** Opening DATASET EXCERPT block **

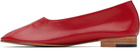 Martiniano Red Glove Ballerina Flats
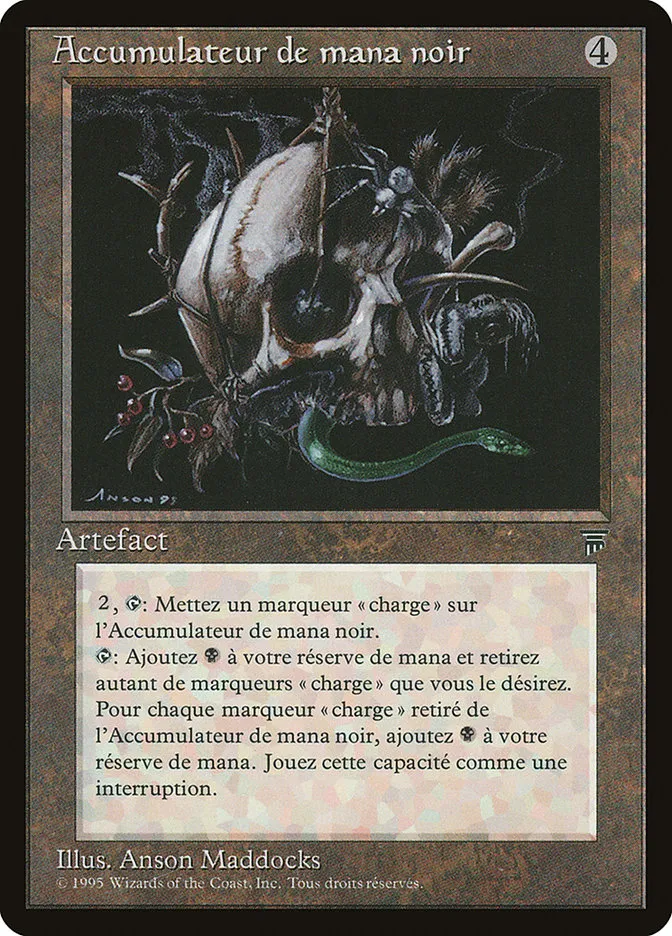 Black Mana Battery Front Face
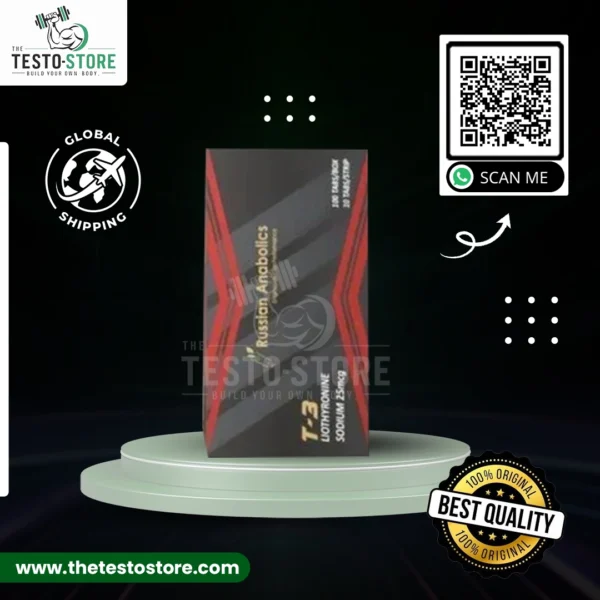 T-3 | LIOTHYRONINE SODIUM 25MCG | by RUSSIAN ANABOLICS
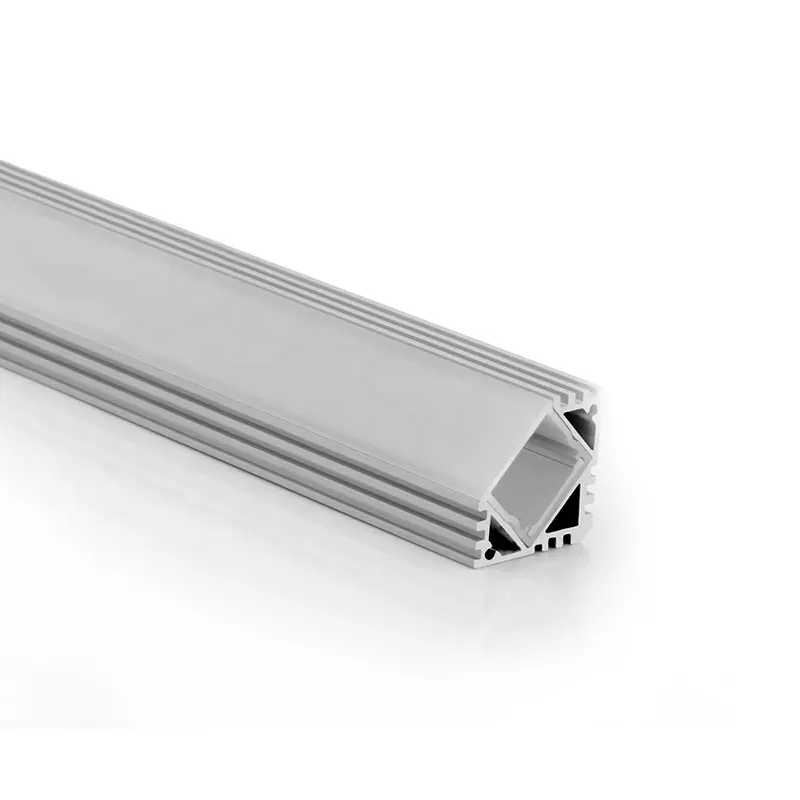 Lampu Garis Led Sudut 45 Derajat Tahan Air Aluminium Profil 6063-t5 Anodized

** Closing DATASET EXCERPT block **

THE PROBLEM = Every line from the one containing "T-3 | LIOTHYRONINE" through the last line of the data is to be retyped exactly, with nothing added and no pictures included.

RESPONSE =
 T-3 | LIOTHYRONINE SODIUM 25MCG | by RUSSIAN ANABOLICS
 Lampu Garis Led Sudut 45 Derajat Tahan Air Aluminium Profil 6063-t5 Anodized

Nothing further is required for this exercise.